“Do not judge, or you too will be judged. 2 For in the same way you judge others, you will be judged, and with the measure you use, it will be measured to you.
3 “Why do you look at the speck of sawdust in your brother’s eye and pay no attention to the plank in your own eye? 4 How can you say to your brother, ‘Let me take the speck out of your eye,’ when all the time there is a plank in your own eye? 5 You hypocrite, first take the plank out of your own eye, and then you will see clearly to remove the speck from your brother’s eye.
6 “Do not give dogs what is sacred; do not throw your pearls to pigs. If you do, they may trample them under their feet, and turn and tear you to pieces.
7 “Ask and it will be given to you; seek and you will find; knock and the door will be opened to you. 8 For everyone who asks receives; the one who seeks finds; and to the one who knocks, the door will be opened.
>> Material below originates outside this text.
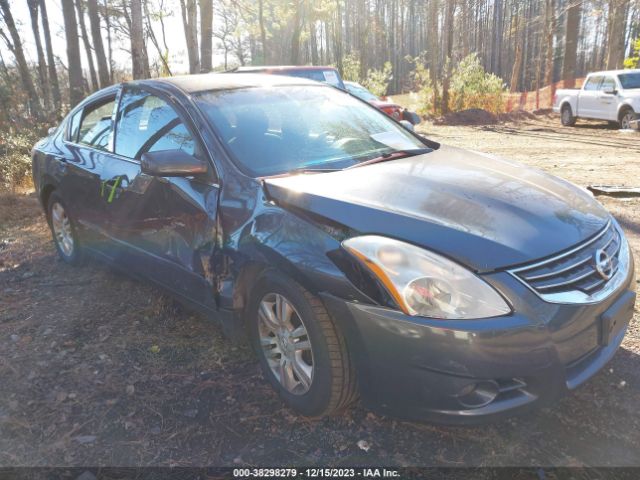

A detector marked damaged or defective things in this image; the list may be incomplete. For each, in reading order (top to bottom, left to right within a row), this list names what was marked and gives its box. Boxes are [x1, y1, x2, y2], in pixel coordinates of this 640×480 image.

dented front door [101, 85, 219, 308]
crumpled hood [264, 146, 608, 272] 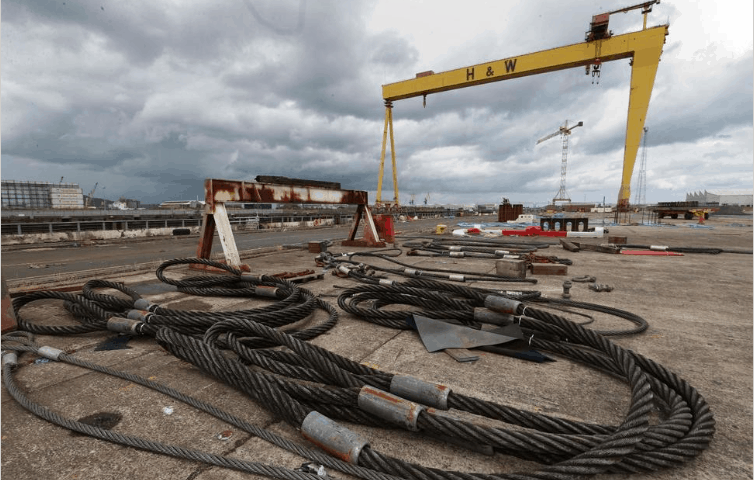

9 “Which of you, if your son asks for bread, will give him a stone? 10 Or if he asks for a fish, will give him a snake? 11 If you, then, though you are evil, know how to give good gifts to your children, how much more will your Father in heaven give good gifts to those who ask him! 12 So in everything, do to others what you would have them do to you, for this sums up the Law and the Prophets.
I Don’t Judge You, You Dog!
If we are not to judge one another, how can Jesus say not to give things to dogs and pigs? Dogs were unclean animals that scavenged in the ancient garbage and could spread sickness and become vicious. Pigs were unclean animals that might even feast on rotting flesh. When angered wild pigs would sometimes kill small children. If we are never to judge, how will we decide when someone is a dog or pig?
The key is the difference between discernment and condemnation. To condemn anyone is not really a disciple’s job. To judge in that sense is off limits. However, we are to discern. The problem with much of our discernment is that it is skewed by a desire to deflect from ourselves or elevate ourselves above others. This is why Jesus talks of a plank or beam being lodged in someone’s eye. We should pause and question our motives in discernment. Do we really want to condemn? Are we free from the sin we have identified in others. I know some people who hate bossiness, yet they do not see how bossy they are. I know of others who police sexual sin with a passion, but deny their own innuendo and obsession with sex in a suppressive way. It is not that we should not deal with bossiness or sexual sin. It is that we need to stop and check our heart on the issue. Are we lovingly correcting someone or are we protecting ourselves?
People who show a pattern of rejecting truth in their lives are a waste of time and resources. This does not mean that they are less human and we should write them off as people. It just means that we should use the majority of our time and efforts on those who are appreciative. In fact, the people who are antagonistic to the gospel probably want you to leave them alone. Constantly trying to share God’s love with them isn’t as condemning as it is foolish. It is like poking a wild pig or a rabid dog with a stick and expecting them to love you in return.
So we should discern people’s actions as godly or foolish, but we should check our motives first.
- What are disciples not to do?
- How can Jesus then go on to say some people are dogs and pigs?
- What is the general rule for how to treat others?
- How would you like to be treated?
- How do you treat those closest to you? Those with whom you disagree?
2. As you explained, there is a difference between giving judgment and being discerning. We are to be discerning…as we saw over and over again in Proverbs. We must discern wisdom from foolishness.
3. Do to others what you would have them do to you.
4. With respect and compassion and grace and patience.
5. Unfortunately, it’s our family who usually has to endure the worst of us. I know I take my husband for granted. I struggle with impatience with the kids. Etc. etc.
The “do to others” principle strikes me as an important one to apply to parenting as well. In a conversation with other moms of preschoolers, one mom shared that she recently realized that her son probably shouted “no” to her so often because she shouted “no” to him so often. Our kids will treat us and others the way that we treat them. They will do as we do much more readily than they will do as we say.
This is a passage which God brought to my remembrance several times in the last two weeks. On the one hand, I realized how judgmental I often am. I was condemning (in my heart) certain friends/neighbors whom I thought were being selfish when I was struck by how I was selfishly looking for what they could bring to the table instead of how I could serve them. To top it off, several of these people proved my assertions wrong–I was both wrong about them and guilty myself.
On the other hand, I found myself in several situations where I was on the receiving end. At work I was taking a beating (figuratively) from a few regulars who thought my faith ridiculous and Christianity a hypocritical religion based on silly myths for children. I was reminded again of this passage, but this time the part about not casting our pearls before swine.
I agree that motivation for why we “judge” and whether it is truly loving the person is the key to this passage. We should not be hypocrites, but we are clearly called to be discerning and to love one another. Part of love involved gently correcting. However, we must submit ourselves first and foremost to our Heavenly Father for correction.